This course is a novice-friendly introduction to computer science and programming Android apps for smartphones and tablets. In this course I had fun learning to create an app for modern Android devices such as the Nexus tablet.
I used the programming tools that Android software developers use and build a complete and useful app during this course. Along the way, it was introduced fundamental computer science principles and programming ideas that power today’s smart-phone and tablet apps.
This course is composed of 2 basic parts organized into 8 distinct weekly topics:
Android Developer Track (5 weeks). This required portion of the course is intended to give me a slow and gentle introduction to the basics of Android application development such as downloading, installing, and setting up the tools I used in this course. I also created my first Android app and shared the results of my experience with my classmates.

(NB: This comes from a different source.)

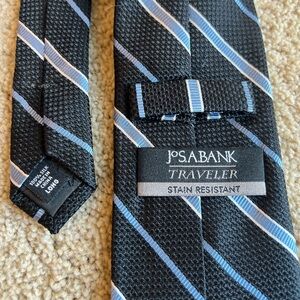 Jos. A. Bank Silk ‘Traveler’ Neck Tie (61” long)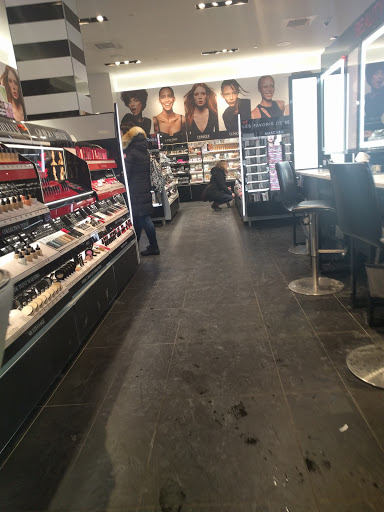 SEPHORA Montreal Ste Catherine (Curbside Pickup Available)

Week 1 : Getting Started on Windows; Virtual Android; Android Emulator; Eclipse Views and First App
Week 2 : Beyond “Hello World”; Resourceful Images; Images, Strings, and Qualified Layouts
Week 3 : Localization (Internationalization); Exporting for User Testing; Installing APK; Testing and Tweaks
Week 4 : Activity Lifecycle; Debugging with Log Messages and Breakpoints; State Diagrams; User Interface; Spit and Polish (Code Smells & Screen Density); Manifest and Style Know-How
Week 5 : An App for Web Content; A Better UX; Three Activities and a Surprise
Computer Science and Programming Track (3 weeks). During this latter portion of the course, I could delve deeper into computer science fundamentals and beginner programming techniques. Together I explored this content while developing another really cool project to share.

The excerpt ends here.